We utilize a pre-trained four-layer 2D convolutional network to extract features from individual frames. Subsequently, we compute the Hamming distance between the features of consecutive frames. Then, we derive the average inter-frame Hamming distance for each video segment, allowing us to ascertain the average inter-frame Hamming distance for each class. We classify 50% of the classes with smaller average inter-frame Hamming distances into the static group, while the remaining 50% with larger distances are designated as the dynamic group. In Suppl. Tab. 6, we highlight the static and dynamic groups using distinct colors.

We show more detailed results in Suppl. Tab. 8. We can observe that both increasing static memory and dynamic memory concurrently enhance the accuracy of static and dynamic classes.
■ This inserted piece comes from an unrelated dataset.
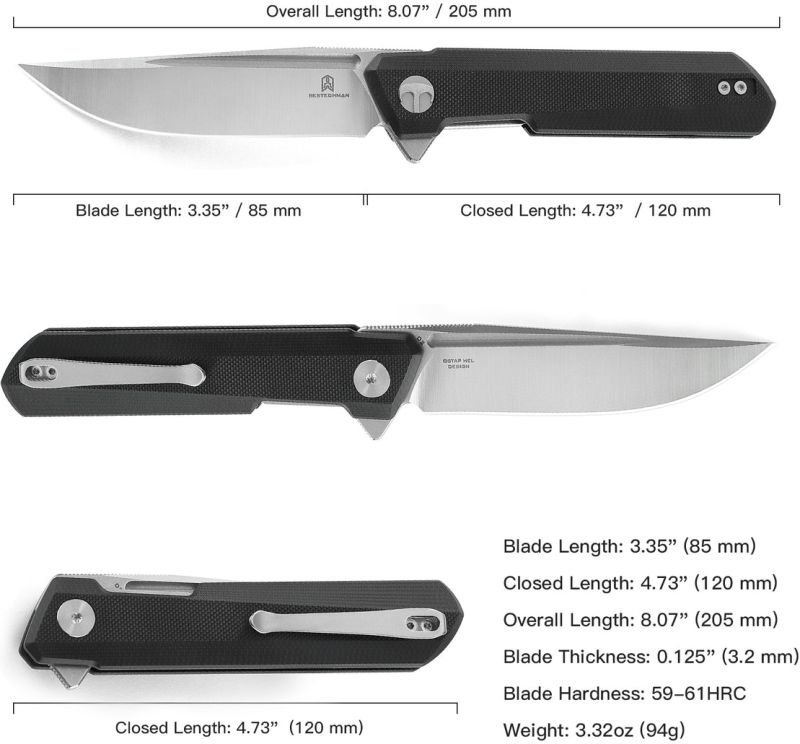 BESTECH Zatvárací nôž DUNDEE LinerLock - black (BMK01A)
Additionally, we note that when the disparity in quantity between static memory and dynamic memory becomes larger, there is an imbalance in the accuracy of the static group and dynamic group. The reason for this lies in the random pairing of dynamic memory and static memory during sampling. If there is an excess of dynamic memory, multiple instances of dynamic memory may end up learning the same content during training, essentially augmenting the static information. Therefore, we recommend maintaining a 1:1 ratio between static memory and dynamic memory when utilizing our paradigm.

Our distilled video data could also generalize beyond the classification task. We show some visualized optical flow extraction following [1] in Fig. 10.

We show more visualized inter-frame differences of MTT [4] and MTT+Ours for MiniUCF IPC=1 in Fig. 12 and Fig. 13 (last pages).

In this section, we provide a detailed introduction to models used in the experiments, including MiniC3D, CNN+GRU, and CNN+LSTM. Additionally, we compare their performance with C3D[21] on the UCF101[19] and HMDB51[19] classification tasks.

The temporal analysis experiments in Sec. 3.3 are conducted with DM [30] algorithm and CNN+GRU model as detailed before. 16 frames are sampled from each video with temporal stride 12, and we set the target synthetic video length also 16. For a fair comparison of time and space complexity, all the experiments are run on one NVIDIA V100 GPU (16GB), 8 cores of Intel Xeon 5218 CPU, and 20 GB memory. The learning rate for synthetic images is set to 1.0 and that for network updating is set to 0.01. The models are trained for 10,000 iterations with a real batch size of 64, which is observed as enough for the training convergence in our experiments.

In the experiments, we initially fine-tune the parameters for methods without our paradigm (naively adapted methods) to achieve the best possible results. To ensure a fair comparison, we strive to maintain consistency in all other parameter settings, making adjustments only to the learning rates associated with the unique dynamic information and $\mathcal{H}$ in the methods with our paradigm.